Doctors cure ‘bubble boy syndrome’ using modified version of HIV

pharmafile | April 18, 2019 | News story | Research and Development HIV, SCID-X1, gene therapy, immunodeficiency, immunology 

Doctors at St. Jude Children’s Research Hospital have been able to treat patients with X-linked severe combined immunodeficiency (SCID-X1) – commonly known as ‘bubble boy syndrome’ – using a gene therapy based on HIV.

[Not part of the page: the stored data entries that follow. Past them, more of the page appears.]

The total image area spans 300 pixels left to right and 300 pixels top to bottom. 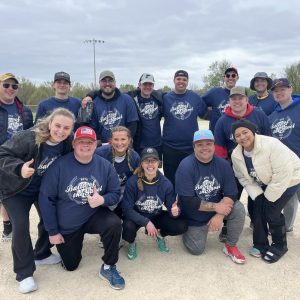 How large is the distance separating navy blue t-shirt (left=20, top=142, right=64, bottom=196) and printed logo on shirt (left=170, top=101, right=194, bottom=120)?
2.33 metres

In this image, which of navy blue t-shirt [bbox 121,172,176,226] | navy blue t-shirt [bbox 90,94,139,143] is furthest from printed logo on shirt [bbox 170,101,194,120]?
navy blue t-shirt [bbox 121,172,176,226]

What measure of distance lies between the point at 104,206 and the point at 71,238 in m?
0.54

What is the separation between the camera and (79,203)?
12.8ft

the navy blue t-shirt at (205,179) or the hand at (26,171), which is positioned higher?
the hand at (26,171)

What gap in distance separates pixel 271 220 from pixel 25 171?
3023mm

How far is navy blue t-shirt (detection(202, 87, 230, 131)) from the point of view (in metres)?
5.66

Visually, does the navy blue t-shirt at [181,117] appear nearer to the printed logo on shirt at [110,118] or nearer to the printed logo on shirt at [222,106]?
the printed logo on shirt at [222,106]

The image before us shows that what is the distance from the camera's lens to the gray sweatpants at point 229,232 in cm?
439

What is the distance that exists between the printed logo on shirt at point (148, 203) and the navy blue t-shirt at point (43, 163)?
124 centimetres

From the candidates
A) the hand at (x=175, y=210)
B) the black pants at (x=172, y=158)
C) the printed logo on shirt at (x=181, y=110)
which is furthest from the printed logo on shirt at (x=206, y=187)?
the printed logo on shirt at (x=181, y=110)

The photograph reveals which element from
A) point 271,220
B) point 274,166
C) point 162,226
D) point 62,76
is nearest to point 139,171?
point 162,226

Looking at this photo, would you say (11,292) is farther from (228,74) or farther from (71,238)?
(228,74)

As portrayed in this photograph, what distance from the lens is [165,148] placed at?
5.86 metres

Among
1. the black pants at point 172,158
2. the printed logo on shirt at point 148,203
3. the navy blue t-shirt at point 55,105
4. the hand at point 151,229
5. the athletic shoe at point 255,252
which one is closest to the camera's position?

SCID is a rare, life threatening genetic disorder which causes children to be born without a properly functioning immune system. The condition is caused by a mutation in interleukin-2 receptor subunit gamma (IL2RG) gene, that produces a protein essential for normal immune function.

Named bubble boy syndrome after the measures taken in protecting children with SCID against infection, plastic bubbles are not currently the standard of care.

Rather, a bone marrow transplant from a tissue matched sibling donor is currently the best treatment for SCID. However 80% of SCID-X1 patients lack such a donor and thus rely on blood stem cells from other donors. This process is much less effective in curing SCID-X1 and is more likely to cause serious treatment-related side effects.

In taking a new approach, St Jude’s new gene therapy used a modified version of the HIV virus as a vector, to insert the IL2RG gene into the DNA of patients’ blood stem cells. The cells were then frozen and tested for quality before being infused back into patients.

Following treatment, most patients were discharged from hospital within a month. Within three months gene-corrected immune cells were present in the blood of all but one patient, who required a second dose of gene therapy.

“While longer follow-up is needed to assess any late effects of treatment, these results suggest most patients treated with this gene therapy will develop a complete durable immune response without side effects,” Dr Mort Cowan, UCSF professor of pediatrics and principal investigator of the trial, said.

The results were published in the New England Journal of Medicine.

“We hope this therapy, which includes several novel features, will serve as a template for developing gene therapy to treat other devastating blood disorders,” said co-author Stephen Gottschalk, M.D., chair of the St. Jude Department of Bone Marrow Transplantation and Cellular Therapy.